Many unusual things have happened on the TED stage over the years. Our incredible speakers have done everything from perform magic tricks to attempt to set themselves on fire, all in the name of spreading their ideas. Although far from a complete list, here are some of the weirdest TED moments that we still haven’t stopped puzzling over. To many more in 2015.
1. Hans Rosling: data genius and… sword swallower? He’s given 10 TED talks about global progress, so we thought we had seen everything Hans Rosling was capable of. But at TED 2007, we learned that Rosling had a few tricks left up his sleeve. In this talk, he presented new data about developing nations with his usual enthusiasm and awesome graphics … but then things took a turn. At the 17-minute mark, Rosling unbuttoned his shirt to reveal a sequined tank top. He said to an off-stage assistant, “Bring me my sword!” To prove that the seemingly impossible is indeed possible, Rosling swallowed the solid steel bayonet. And we’ll never think about global development in the same way again.
2. This is what happens when you donate your brain to science. Neuroanatomist Jill Bolte Taylor’s talk is stunning for many reasons—her story of what it was like to experience a massive stroke will make your heart stop. But she makes this list for her very notable prop choice. At 2:30, Taylor holds up an actual human brain, its still-attached spinal cord swinging merrily below. As she shows how it is positioned in the human body, she firmly makes the point that our amazing minds are also, and at the same time, kind of a blob of gray goo.
3. The story of a man and his dead duck. Ornithologist Kees Moeliker won the Ig Nobel prize for inspiring future generations of scientists with a strange but serious paper about the mallard’s inclination toward homosexual necrophilia. During his talk at TED2013, Moeliker shared the odd story behind his research… and handed an audience member the stuffed dead duck that inspired it. Before leaving the stage, he politely asked for the duck back, as it is technically a museum specimen.
4. Elizabeth Pisani makes like a condom dispenser. People in the front row during Pisani’s talk at TED2010 got some sweet freebies: the public health advocate threw a handful of condoms into the audience. As she criticized Pope Benedict’s discouragement of contraception use in nations struggling to slow the spread of HIV, she said, “I’ve got news for you, Benedict. I carry condoms all the time and I never get laid!” She then pulled a wad of the prophylactics out of her pocket and tossed them with flair. “Here, maybe you’ll have better luck.”
5. Mark Ronson remixes TED Talks. At TED2014, Ronson sampled clips from a bunch of TED Talks into a bizarre and catchy remix. He showed how sampling helps musicians make something new out of a piece of media they love—injecting new layers into a story already in progress—and extended this concept to his favorite talks. “Sir Ken Robinson and I are not going to end up being the best of friends,” Ronson said regretfully, “but through the tools available to me… I can sort of bully our existences into a shared event.”

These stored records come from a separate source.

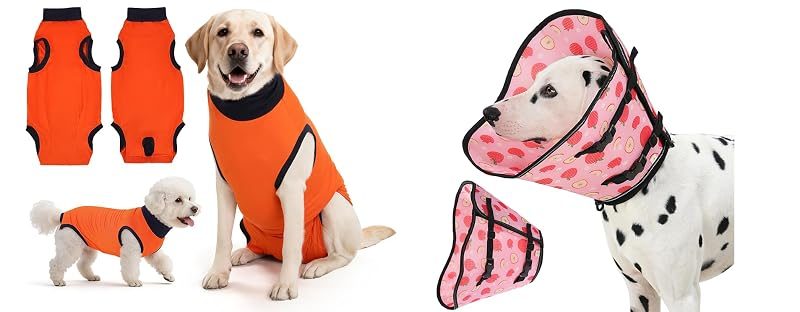 Avont Recovery Suit + Recovery Cone, size XL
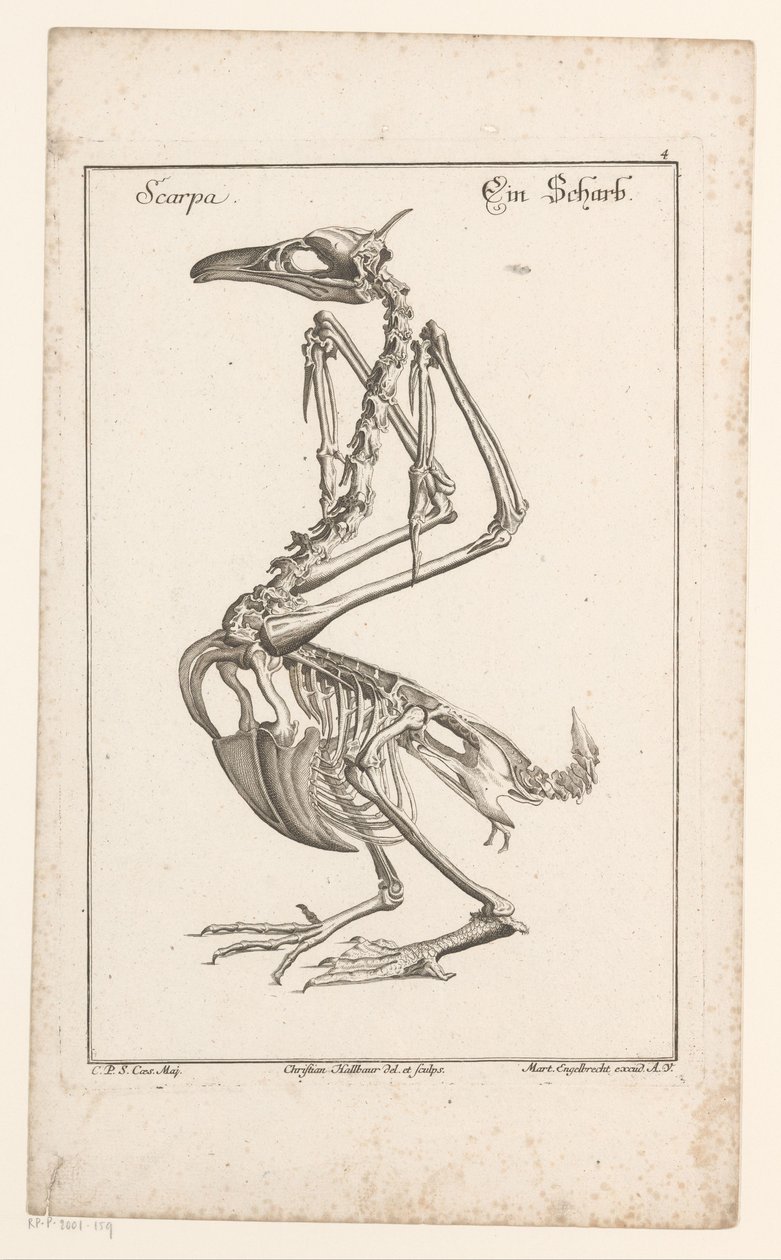 Skeleton van een aalscholver Scarpa / A Sharb (otsikko esineessä) Erilaiset Sceleta- tai jalkarungot (sarjan nimi) tekijältä Christian Hallbaur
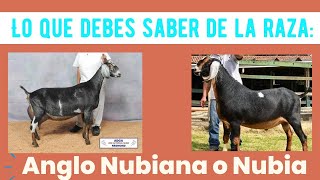 Lo que debes saber de la raza Anglo nubiana o Nubia [upl. by Orsa]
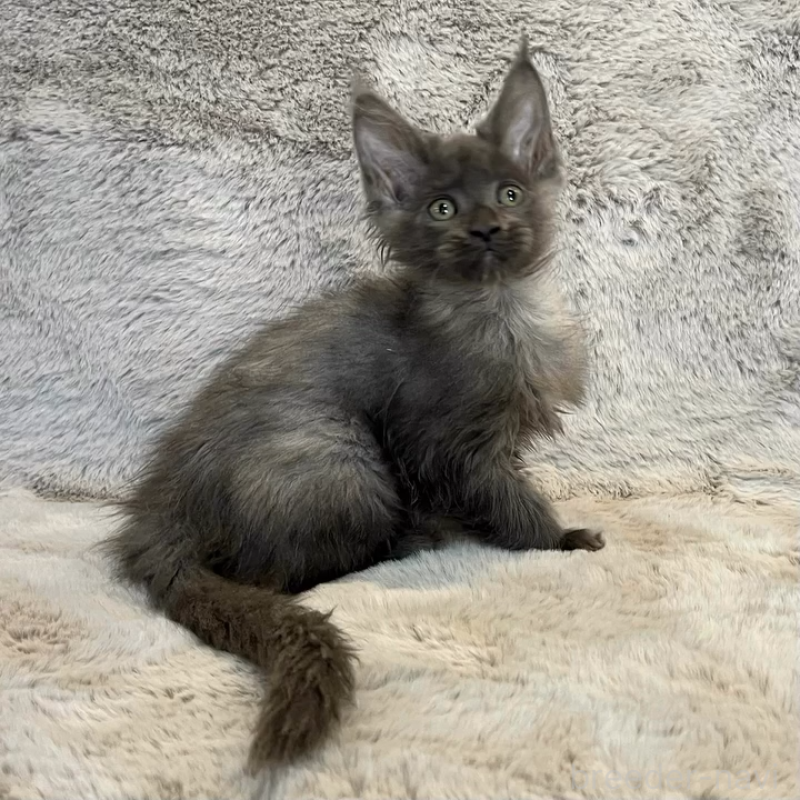 販売中の愛知県のメインクーン-135131の11枚目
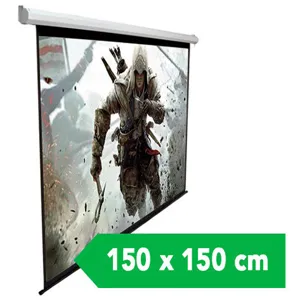 Telon Mural Dinon 150X150 - 9326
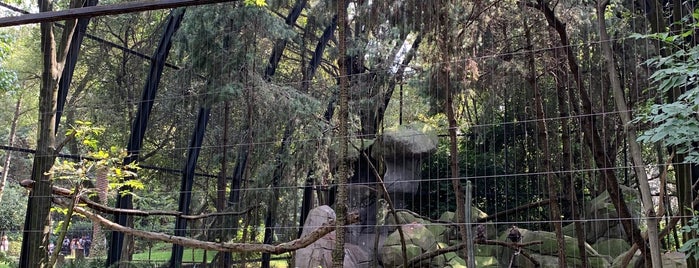 Aviario Chapultepec is one of Zoo.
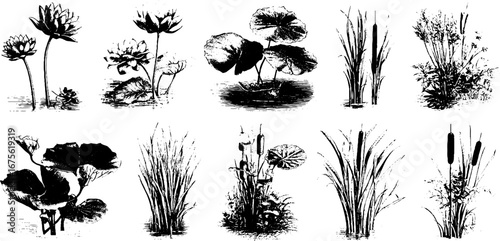 Vintage engraving collection of water plants and lotus flowers for botanical design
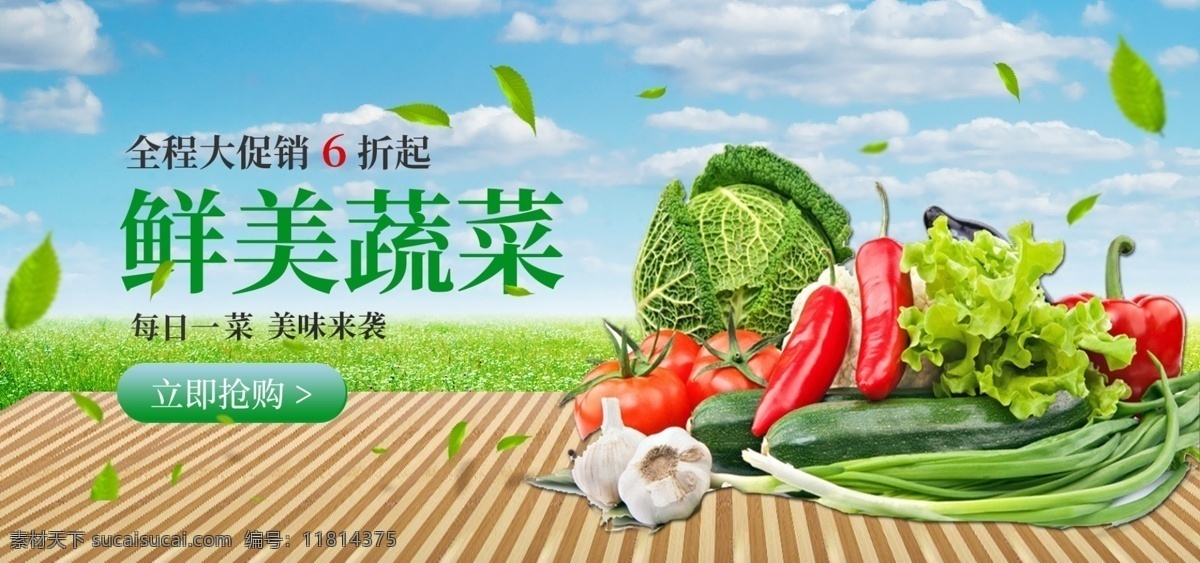 鲜美 蔬菜 banner 绿叶 蓝天 木板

6. Eric Mead impales himself on stage… maybe? We know that magician Eric Mead did not actually stab himself in the arm with a hat pin—his talk was about the placebo effect and how people can believe anything if it seems real enough. But the blood dripping down his arm at the 8-minute mark of this talk looked pretty darn convincing. Be warned: this talk is not for the faint of heart.
7. Jae Rhim Lee redefines funeral fashion. Some TED speakers are known for dramatic wardrobe choices. But TED Fellow Jae Rhim Lee’s mushroom burial suit is perhaps the strangest ensemble to grace the TED stage. Covered with mushroom spores, the hooded black cloth suit encourages environmentally friendly decomposition of the human body after death. She lovingly refers to the suit as her “ninja pajamas.”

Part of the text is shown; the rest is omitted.